Nice specimen and photo of this impressive large moth, which may look superficially like a brimstone moth, but is several times its size.
2. Nettle tap, Anthophila fabriciana
3. Dark marbled carpet, Dysstroma citrata
(note the three white tick marks on the trailing edge of the forewing)
Thanks so much for the quick and very helpful reply!

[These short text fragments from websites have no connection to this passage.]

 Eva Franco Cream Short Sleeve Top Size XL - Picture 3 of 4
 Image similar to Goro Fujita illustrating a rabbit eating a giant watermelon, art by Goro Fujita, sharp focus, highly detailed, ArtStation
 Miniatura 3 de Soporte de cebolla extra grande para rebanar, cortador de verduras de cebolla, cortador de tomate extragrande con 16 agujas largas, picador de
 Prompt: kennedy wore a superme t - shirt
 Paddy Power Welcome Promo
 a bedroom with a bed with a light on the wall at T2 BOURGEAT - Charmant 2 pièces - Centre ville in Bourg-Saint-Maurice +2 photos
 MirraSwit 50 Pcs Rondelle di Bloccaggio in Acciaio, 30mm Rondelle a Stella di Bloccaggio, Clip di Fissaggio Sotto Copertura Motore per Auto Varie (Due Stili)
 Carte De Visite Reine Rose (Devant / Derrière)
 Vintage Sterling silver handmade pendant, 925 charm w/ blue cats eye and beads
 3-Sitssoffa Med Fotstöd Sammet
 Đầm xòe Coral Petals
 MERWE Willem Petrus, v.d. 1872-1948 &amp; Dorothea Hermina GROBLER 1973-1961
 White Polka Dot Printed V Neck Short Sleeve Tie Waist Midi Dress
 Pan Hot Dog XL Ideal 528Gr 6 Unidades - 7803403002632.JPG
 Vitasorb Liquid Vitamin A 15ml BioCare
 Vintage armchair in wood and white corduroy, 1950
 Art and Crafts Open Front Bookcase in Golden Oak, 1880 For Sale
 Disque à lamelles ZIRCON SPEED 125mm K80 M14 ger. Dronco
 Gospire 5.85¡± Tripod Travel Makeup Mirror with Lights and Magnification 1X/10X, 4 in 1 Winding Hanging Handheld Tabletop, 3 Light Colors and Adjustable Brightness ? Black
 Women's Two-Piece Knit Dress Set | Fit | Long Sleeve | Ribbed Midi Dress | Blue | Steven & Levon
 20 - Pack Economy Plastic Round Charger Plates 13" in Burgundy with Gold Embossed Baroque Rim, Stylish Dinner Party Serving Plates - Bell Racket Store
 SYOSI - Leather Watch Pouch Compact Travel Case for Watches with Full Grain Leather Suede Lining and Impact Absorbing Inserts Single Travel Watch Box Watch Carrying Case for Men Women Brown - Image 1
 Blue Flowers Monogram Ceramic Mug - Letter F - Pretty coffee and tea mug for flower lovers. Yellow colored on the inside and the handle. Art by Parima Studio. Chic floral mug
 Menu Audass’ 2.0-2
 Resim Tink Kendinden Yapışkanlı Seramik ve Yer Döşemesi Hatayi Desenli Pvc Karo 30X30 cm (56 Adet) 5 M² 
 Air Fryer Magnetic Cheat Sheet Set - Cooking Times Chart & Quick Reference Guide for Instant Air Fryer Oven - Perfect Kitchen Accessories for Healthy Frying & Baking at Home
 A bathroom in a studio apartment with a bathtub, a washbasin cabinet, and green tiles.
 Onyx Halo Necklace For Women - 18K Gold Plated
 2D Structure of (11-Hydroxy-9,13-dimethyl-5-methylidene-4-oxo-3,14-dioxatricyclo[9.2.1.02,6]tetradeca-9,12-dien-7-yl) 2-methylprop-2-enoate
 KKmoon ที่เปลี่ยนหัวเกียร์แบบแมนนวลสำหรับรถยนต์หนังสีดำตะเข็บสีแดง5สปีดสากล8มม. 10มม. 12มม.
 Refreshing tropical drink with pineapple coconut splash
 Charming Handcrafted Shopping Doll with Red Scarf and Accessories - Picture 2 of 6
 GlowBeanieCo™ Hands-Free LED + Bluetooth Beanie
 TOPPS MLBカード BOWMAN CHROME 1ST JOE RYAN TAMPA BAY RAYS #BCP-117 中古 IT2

It's great to finally ID the Mallorcan moth, and I agree that 'green drab moth' doesn't do it justice. It was a beautiful moth, and very lucky: two spotted flycatchers and several bats were taking advantage of the floodlights attracting insects and it managed to escape from them all. So, I think I will call it 'the lucky moth'! (I notice the Austrian, French and German names are along the lines of 'Pistachio', presumably because of the green forewings.)
The website you link to is great, so thanks for that as well! I'm finding the variety of our moths both fascinating and a bit confusing - lots to learn
Fascination and confusion - I'm with you on both counts!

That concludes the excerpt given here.